Auf „Settle The Score“ ziehen die vier Musiker los, als hätten sie noch eine Rechnung zu begleichen. Generell gefällt die abwechslungsreiche Gitarren-Arbeit von Waik auf diesem Album sehr gut. Die stöhnend-röhrenden Riffs klingen schmutzig, flutschen aber „wie geölt“ und peitschen die Mucke ordentlich vorwärts. Die Felle von Drummer Alex sind stramm gespannt und Sänger Hommel singt dazu angenehm unfreundlich. Zwar ein wenig gewöhnungsbedürftig, da diese beim ersten Höreindruck „unsauber“ wirkt, als ob er die Töne nicht richtig treffen würde. Vermutlich stehen hier – wie auch bei der Musik – wohl eher der Transport der Emotionen und der dazu nötige Ausdruck der Stimme im Vordergrund, als immer die „richtige“ Tonlage zu treffen oder zu halten. Aber ich kann verstehen, wenn das dem einen oder anderen vielleicht den Genuss der Musik von „Abandon Hope“ schmälert.

Abandon Hope

Schon im Opener „Right Or Not“ hebt der Gesang im Refrain zu einem Aufwärtsschlenker ab.
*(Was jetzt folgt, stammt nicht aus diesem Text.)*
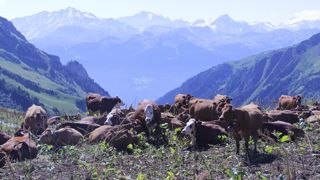 Huit cas supplémentaires de dermatose nodulaire contagieuse ont été comptabilisés dans les deux Savoies entre le 25 et le 28 juillet 2025.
Auch „Catharsis“ startet betörend dampfwalzig und lässt später Dichte und Druck variieren, wenn es im Gesang und auch in den Solo-Lines melodiös wird. Auch „Jackyll & Daniels“ geht mit wildem Anlauf in einen getragenen, atmosphärisch Chorus und ganz zum Schluss erstarrt der Song wie kalt werdende Lava. Am Besten gelingt der Spagat aber bei „The Core“, einem Highlight des Albums: Erst nackenbrechender Kopfschüttler, dann halluzinös-ruhig, in grungiger, zäher Düsternis. Später fährt man noch ein Stück weiter runter und addiert tiefe Pianoklänge. Vielschichtigkeit beherrschen Abandon Hope also. So drückt „Sweet Surrender“ tüchtig aufs Tempo und „The City“ macht richtig Lärm und zerrt im Refrain heavy-doomig an der Spannungskurve. Positiv auffällig sind die beiden Stücke, zu denen man auch Videos veröffentlichte: „Sally“ ist so eine Art „Powerballade“ und könnte auch mal auf einer Nevermore-Scheibe gewesen sein. Und dann sticht da noch der Titeltrack „Settle The Score“ heraus, der gaaaanz langsam ausgepackt wird…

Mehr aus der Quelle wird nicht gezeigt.